Дядя широким жестом протянул руку и стиснул ладонь Бринсли в дружеском рукопожатии.
— О, мистер Бринсли, как поживаете? — спросил он. — Как дела, сэр? Вы учитесь в университете, мистер Бринсли?
— Да.
— Отлично, — сказал дядя. — Это великая вещь, которая... вещь, которая еще вам послужит. Уверен. Приятно быть человеком со степенью. А как вы ладите с преподавателями, мистер Бринсли?
— Неплохо. Сказать по правде, они не очень-то требовательны.
— Не говорите так! Впрочем, в старые добрые времена все было по-другому. В старой школе верили прежде всего в большую крепкую палку. И доставалось же пацанам!
Он хохотнул, к чему мы присоединились без особого воодушевления.
— Палка значила больше, чем перо. — За этим высказыванием последовал еще более громкий смех, постепенно перешедший в мирное пофыркивание. Дядя выдержал небольшую паузу, словно проверяя, не просмотрел ли чего в тайниках памяти. — А как там наш друг? — спросил он в направлении моей
Характеристика моего ответа.

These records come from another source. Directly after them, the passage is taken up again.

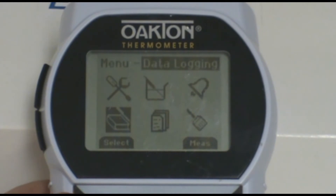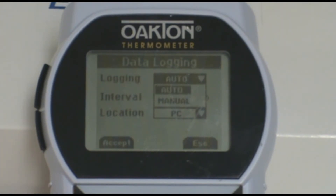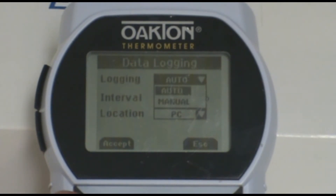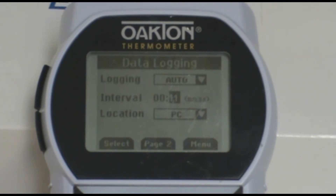You can then adjust your parameters based on what will work best for your application. To change each parameter, make sure the field is highlighted and then press the select button. You can then use the arrows to scroll between the different options. For location, make sure it is set to meter, and for logging, set it to auto so that it will automatically take a reading after the time interval you have set passes.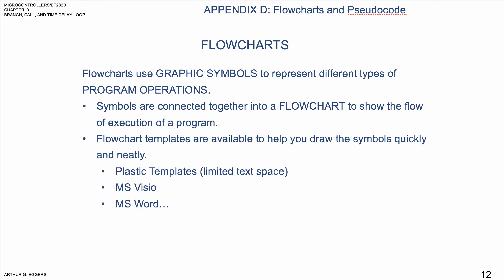If you've taken any previous programming courses, you're probably familiar with flowcharting. Flowcharts use graphic symbols to represent different types of program operations. These symbols are connected together into a flowchart to show the flow of execution in a program.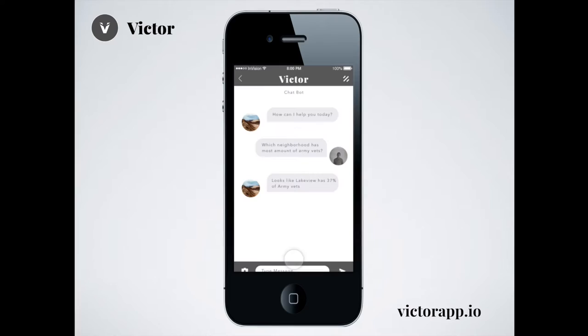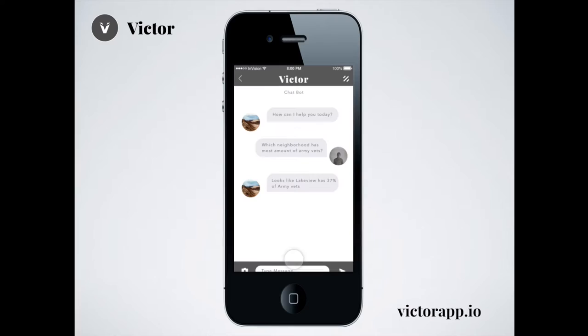We want the returning military members to find that home. We want them to find a community that will support them in their life after service.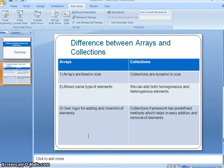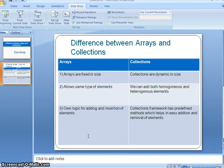The third difference: in arrays, you need your own logic for adding and inserting elements, and for removing elements from the array. In collections, there are predefined methods which help in easy addition and removal of elements. The framework itself provides the logic to add and remove elements in collections, which reduces the burden on the developer to implement their own coding logic for addition and deletion.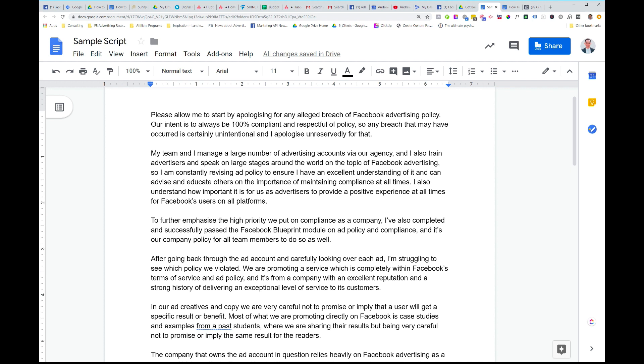And it's why they disable ad accounts. Because if we're not providing a positive experience as advertisers for the users of the platform, they're going to shut us down. So we need to provide a positive experience. We need to demonstrate to Facebook that we understand that that's their intent. They want to make sure that advertisers are providing a positive experience to the users of their platform because the users are the most important thing on that platform. So in the third paragraph, we're saying, to further emphasize the high priority we put on compliance as a company, I've also completed and successfully passed the Facebook Blueprint module on ad policy and compliance. And it's our company policy for all team members to do so as well. Again, this is true. We're just emphasizing that, look, we actually make a concerted effort to understand and be compliant with policy. And this is how we demonstrate that. We go through the training that you, Facebook, provide us. And we follow that and we attempt to apply that at all times.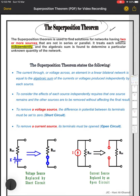The superposition theorem states the following: the current through or voltage across an element in a linear network is equal to the algebraic sum of the currents or voltages produced independently by each source. We will explain this more clearly with examples.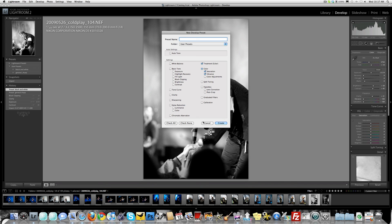It is really that simple and it really does speed up your workflow. That's how you do it, and I hope that helps. So that is making a preset in Lightroom — froknowsphoto.com.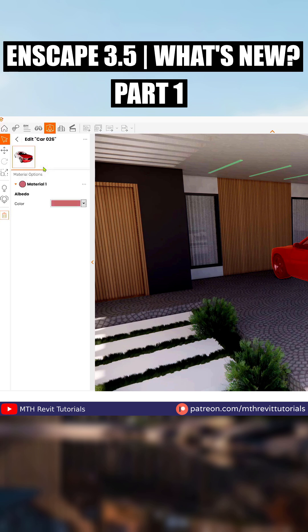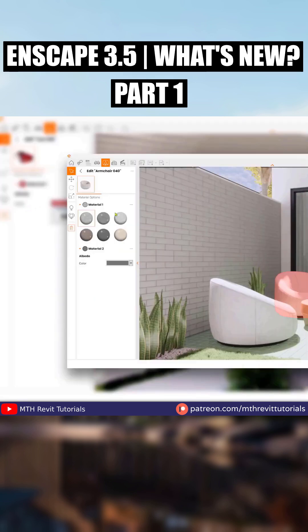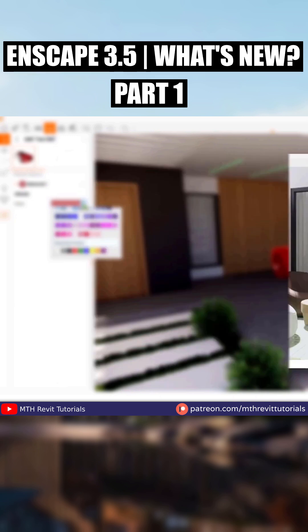Let's click it and here you will find the material options. With this asset, we have color options only. But with some other assets, you will find the material change option as well.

Учтиво-небрежно-уклончивый.
Дядя придвинулся к Бринсли и сказал негромким доверительным тоном:
— Знаете, что я хочу вам сказать? Сейчас кругом простуда, каждый второй ходит простуженный. Господи сохрани, вот еще погриппует народ до конца зимы, вы уж мне поверьте. Надо потеплее одеваться.
— Дело в том, — слукавил Бринсли, — что я и сам только что поправился.
— Одевайтесь потеплее, — повторил дядя. — Поверьте старику.
Наступила пауза, во время которой каждый из нас мучительно думал, как бы ее нарушить.
— Скажите-ка мне вот что, мистер Бринсли, — произнес наконец дядя. — Вы собираетесь стать врачом?
— Нет, — ответил Бринсли.
— Тогда школьным учителем?
Здесь я решился выпустить стрелу своего сарказма.
— Он думает получить работу у Христианских Братьев, — сказал я, — когда получит степень бакалавра.
— Великая вещь, — сказал дядя. — Конечно, Братья по-особенному относятся к юношам, которых набирают. У вас должны быть хороший аттестат и чистая рубашка.
— Это у меня есть, — ответил Бринсли.
— Конечно, есть, — сказал дядя. — Но чтобы быть врачом или учителем, требуется великое прилежание и любовь к Богу. Ибо что есть любовь к Богу, как не любовь к ближнему своему?
Он выждал, чтобы каждый из нас мог выразить свое согласие, обратив на Бринсли мгновенный вопрошающий взгляд своих окуляров.
— Это великая и благородная цель, — продолжал он, — наставлять молодых и врачевать недужных, возвращая им данное свыше здоровье. В этом — вера. Особый венец уготован тем, кто отдает себя подобной работе.
— Трудная цель, — сказал Бринсли.
— Трудная? — переспросил дядя. — Да, безусловно. Но скажите мне вот что: вы считаете себя достойным ее?
Бринсли кивнул.
— Достойным и по достоинству, — сказал дядя. — Особый венец не каждый день предлагают. Великая цель, великая жизнь. Врачи и учителя отмечены особой милостью и благодатью.
Какое-то время он сидел молча, задумчиво глядя на дым своей сигареты. Затем поднял голову и рассмеялся, хлопая ладонью по умывальнику.
— Но с постной физиономией далеко не уедешь, — сказал он. — Верно, мистер Бринсли? Я от души верю в улыбку и меткое словцо.
— Великолепное, наилучшее средство от всех наших недугов, — подхватил Бринсли.
— Великолепное средство от всех наших недугов, — откликнулся дядя. — Прекрасно сказано. Итак...
Он простер руку в прощальном жесте.
— Берегите себя, — сказал он. — Берегите и не ходите в пальто нараспашку. Смотрите не загриппуйте.
С нашей стороны прощание было столь же учтивым. Дядя вышел из комнаты с довольной улыбкой на лице, но не прошло и трех секунд, как он уже снова был тут как тут, насупленный и суровый, застигнув нас, едва мы собирались расслабленно перевести дух.